Small-to-midsize radio and TV markets in the Pacific region, especially in metro areas with large Hispanic populations, have the greatest potential forrevenue growth, according to SNL Kagan’s “Radio/TV Station Annual Outlook: Market-by-Market Revenue Projections” report.
The annual report takes into account overall broadcast revenue trends, market demographics and expected ad revenues from the presidential election in determining a market’s growth potential.
SNL Kagan forecasts a five-year compound annual growth rate (CAGR) of 1.1% for US radio market revenue, despite a 2.5% drop in total radio revenue in 2007.
San Diego tops its list of fastest-growing markets, largely due to a substantial Hispanic population, the shifting economic focus to high-tech jobs and a five-year retail growth rate of 11.9% (well above the national average of 6.5%).
Overall, radio revenues in the Pacific region are expected to grow rapidly, with 13 of the top 20 markets by revenue located in California.
SNL Kagan projects growth in TV revenues (3.9% over the next five years) despite a 2007 decline of 8.5% generated by the writers’ strike and advertising migration to the internet.
TV ad revenues are expected to rise 8.8% in 2008 from TV ad buys connected with the presidential election.
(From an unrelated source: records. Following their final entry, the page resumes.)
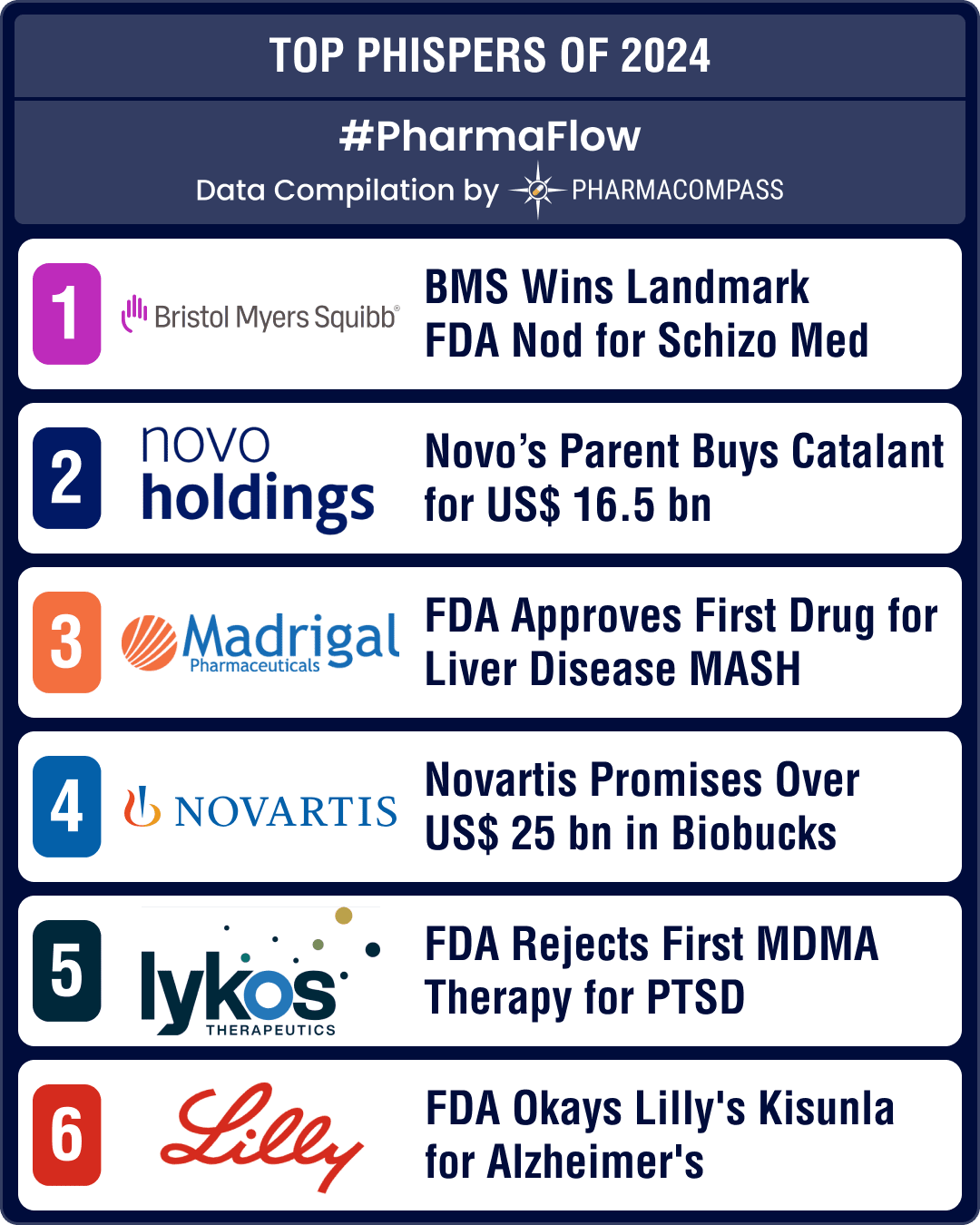 FDA’s landmark approvals of BMS’ schizo med, Madrigal’s MASH drug, US$ 16.5 bn Catalent buyout make it to top 10 news of 2024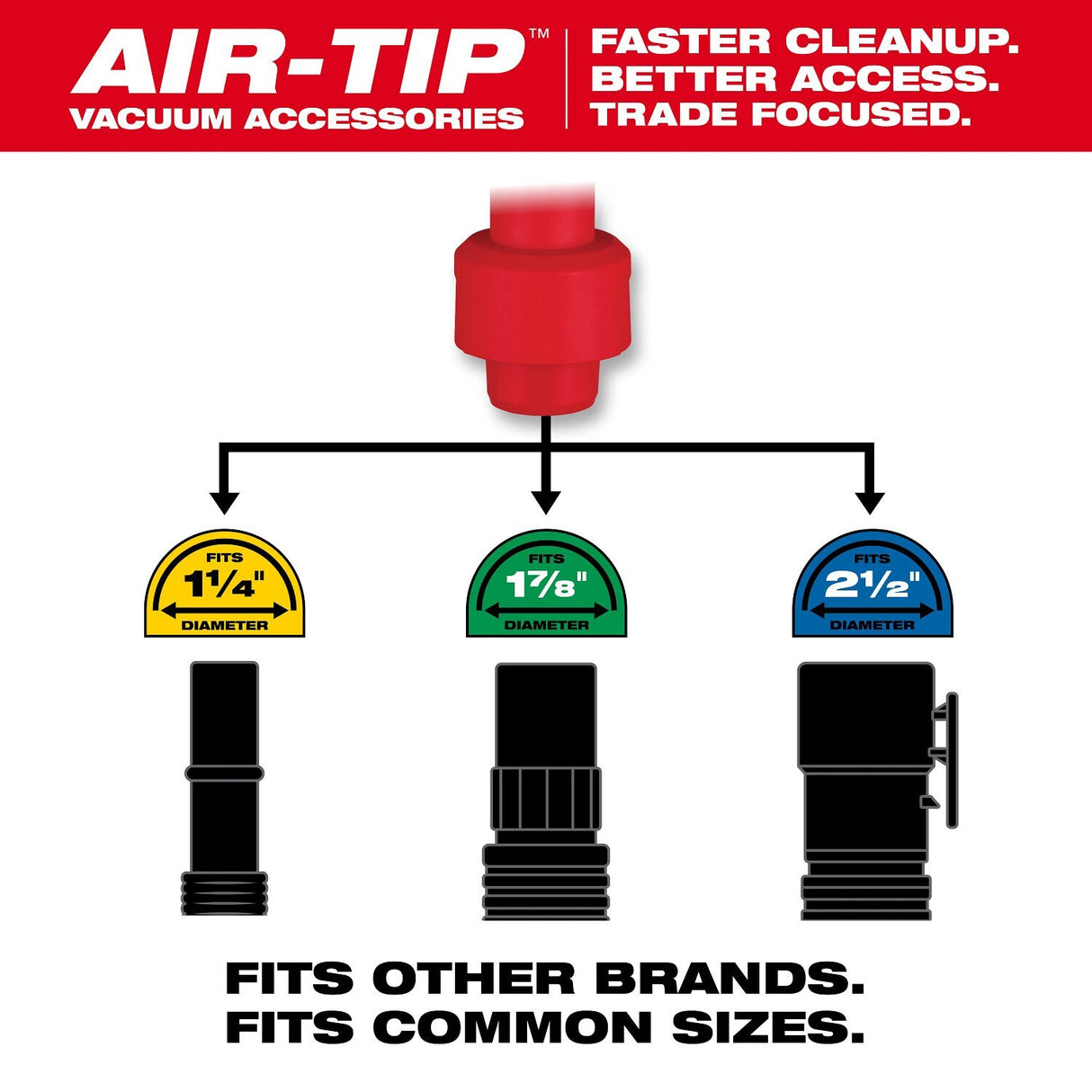 Milwaukee 49-90-2047 AIR-TIP Debris Scraper Vacuum Attachment for Rigid Surface Debris Cleanup - 5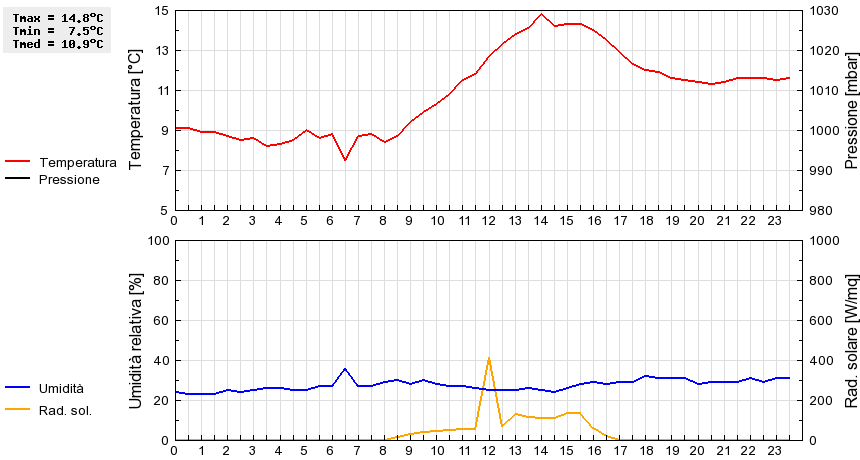 Grafico dati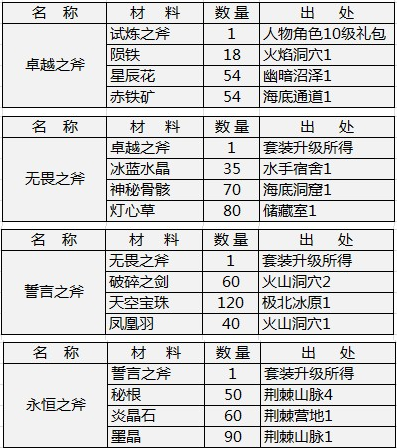 天神传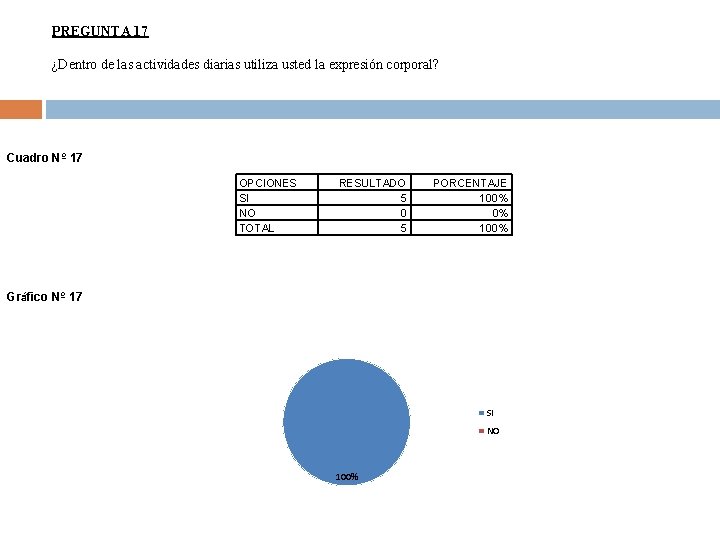 PREGUNTA 17 ¿Dentro de las actividades diarias utiliza usted la expresión corporal? Cuadro Nº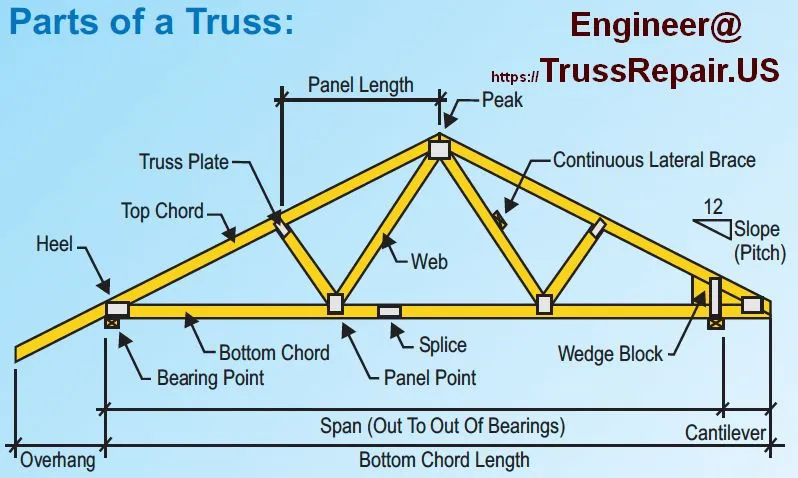 Truss Parts Terminology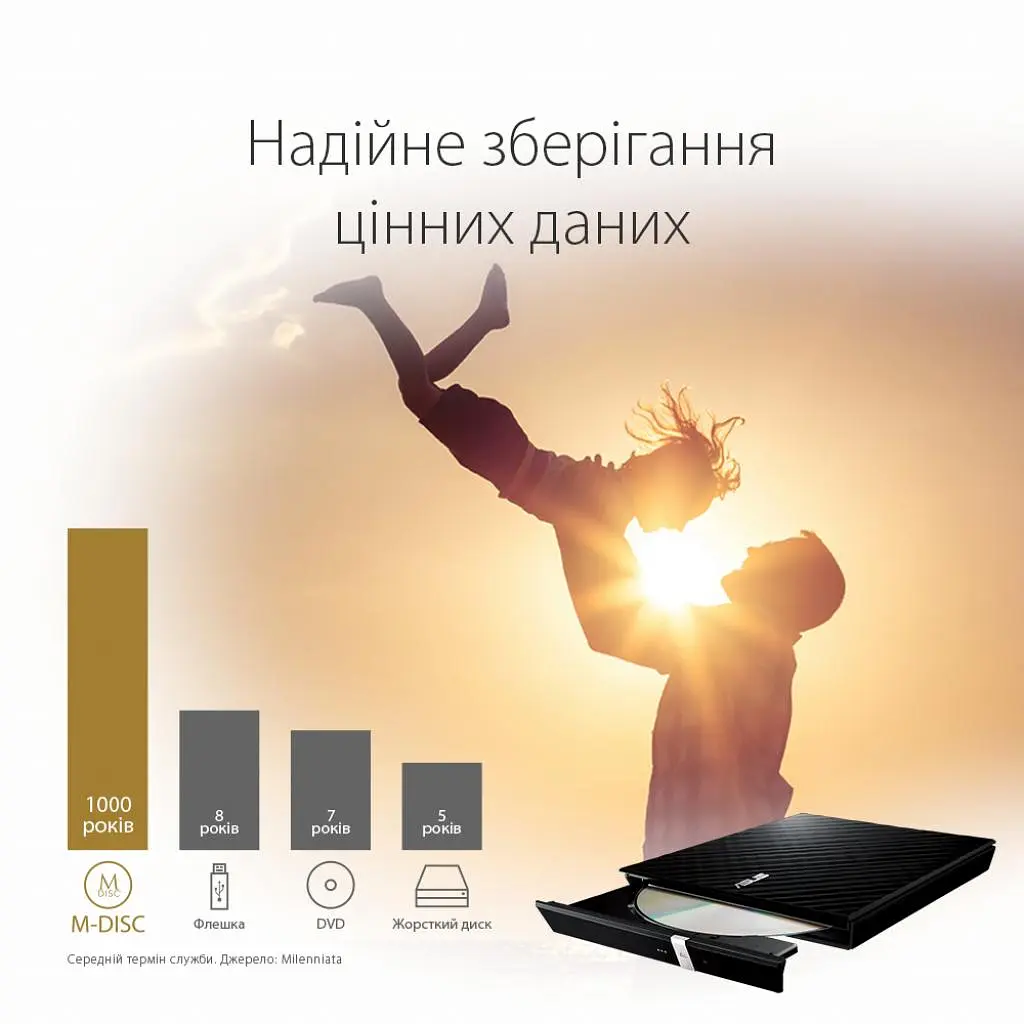 Оптичний привід DVD-RW ASUS SDRW-08D2S-U LITE/BLK/G/AS (90-DQ0435-UA221KZ) - фото 5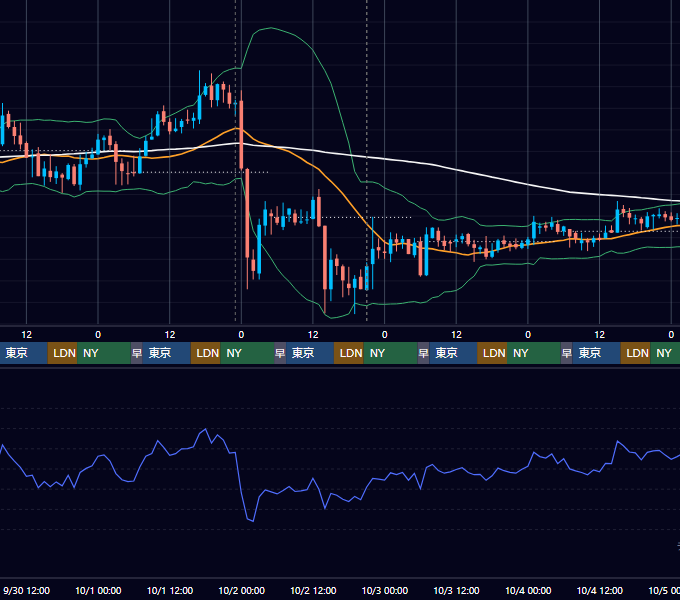 2020年9月28日（月）〜10月4日（日） BTC/USD 1時間足チャート
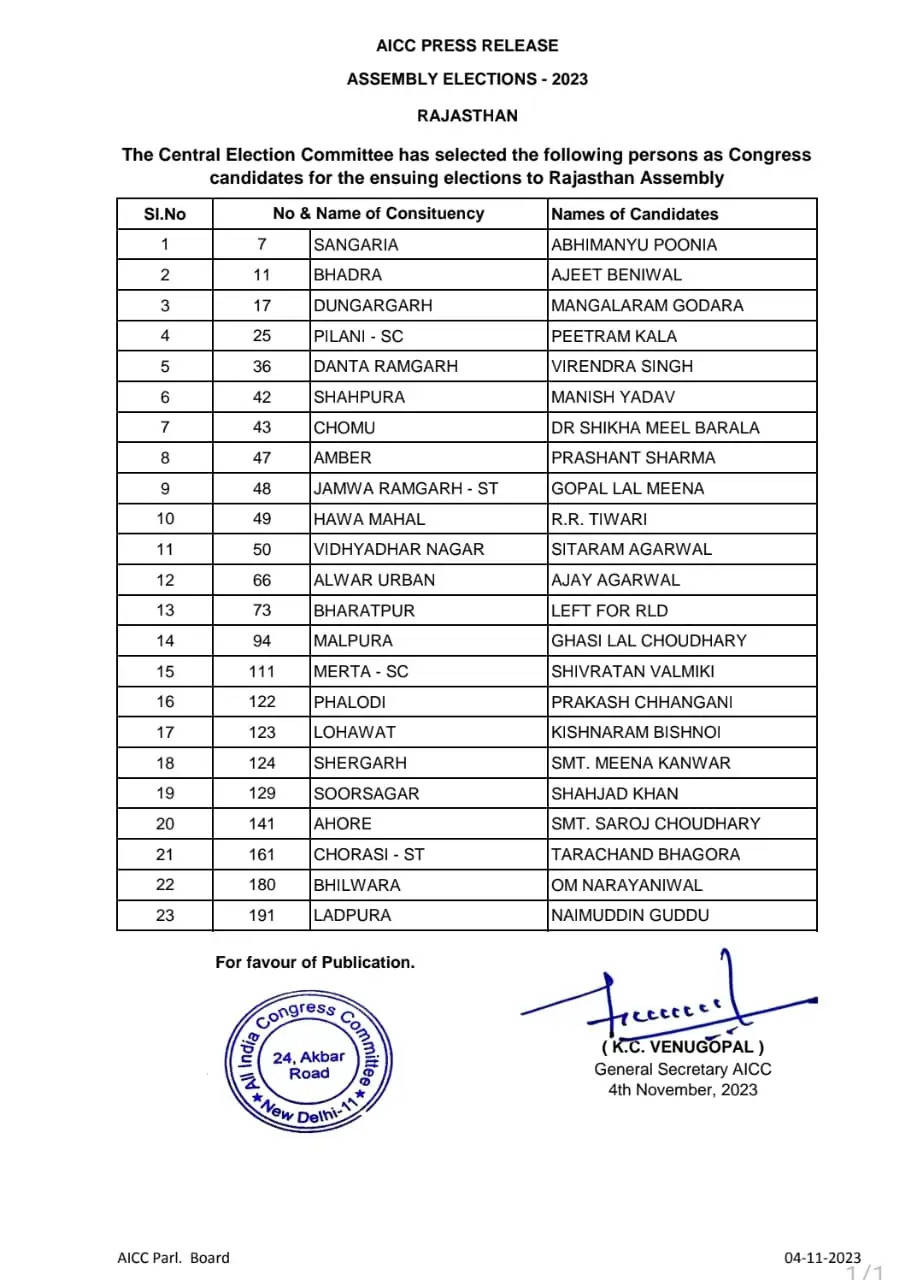 राजस्थान विस चुनावः कांग्रेस ने जारी उम्मीदवारों की छठी सूची, हवा महल से मंत्री महेश जोशी का टिकट कटा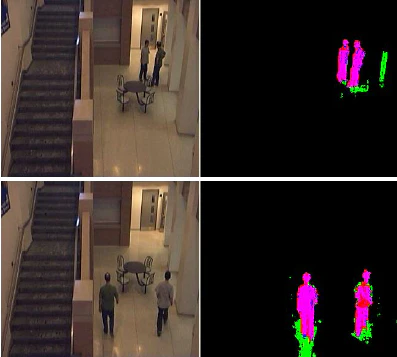 Example of position jitter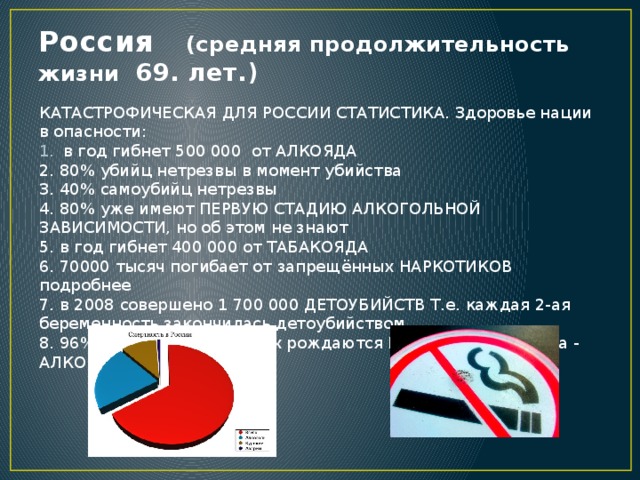 Россия (средняя продолжительность жизни 69. лет.) КАТАСТРОФИЧЕСКАЯ ДЛЯ РОССИИ СТАТИСТИКА. Здоровье нации в опасности: в год гибнет 500 000 от АЛКОЯДА 2. 80% убийц нетрезвы в момент убийства 3. 40% самоубийц нетрезвы 4. 80% уже имеют ПЕРВУЮ СТАДИЮ АЛКОГОЛЬНОЙ ЗАВИСИМОСТИ, но об этом не знают 5. в год гибнет 400 000 от ТАБАКОЯДА 6. 70000 тысяч погибает от запрещённых НАРКОТИКОВ подробнее 7. в 2008 совершено 1 700 000 ДЕТОУБИЙСТВ Т.е. каждая 2-ая беременность закончилась детоубийством. 8. 96% ДEТEЙ cpeди pyccкиx poждaютcя БOЛЬНЫМИ, пpичинa - AЛКOЯД !!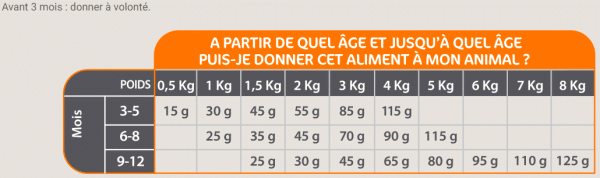 Ration croquette chaton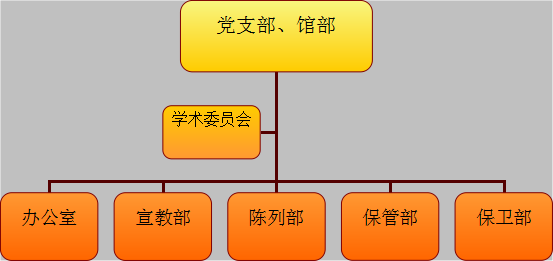 宿州市博物馆机构设置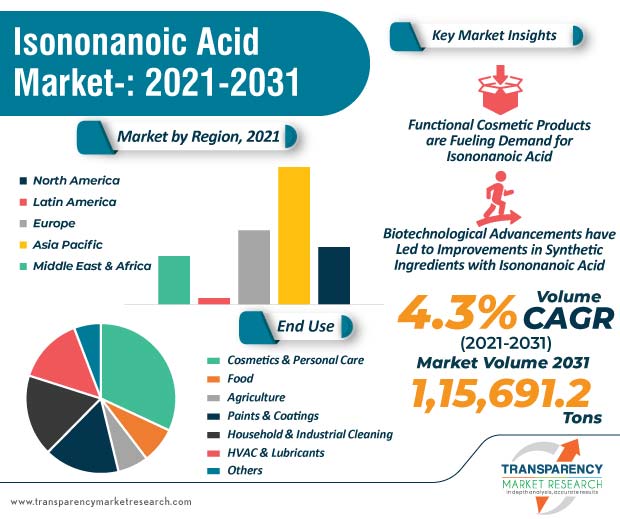 isononanoic acid market infographic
The largest growth will likely be in the Pacific and Mountain regions, with Las Vegas and San Diego at the top of the list.
At the other end of the spectrum, the Great Lakes and Central South regions rank lowest for both radio and TV revenue projections.
Slow retail growth and auto industry layoffs are the main factors for the depressed outlook in the Great Lakes, where revenue is projected to grow 2.7% for TV and 0.9% for radio.
The Central South, particularly the Mississippi markets still recovering from Hurricane Katrina, faces tough times ahead, with projected revenue growth of 2.8% for TV and 0.8% for radio.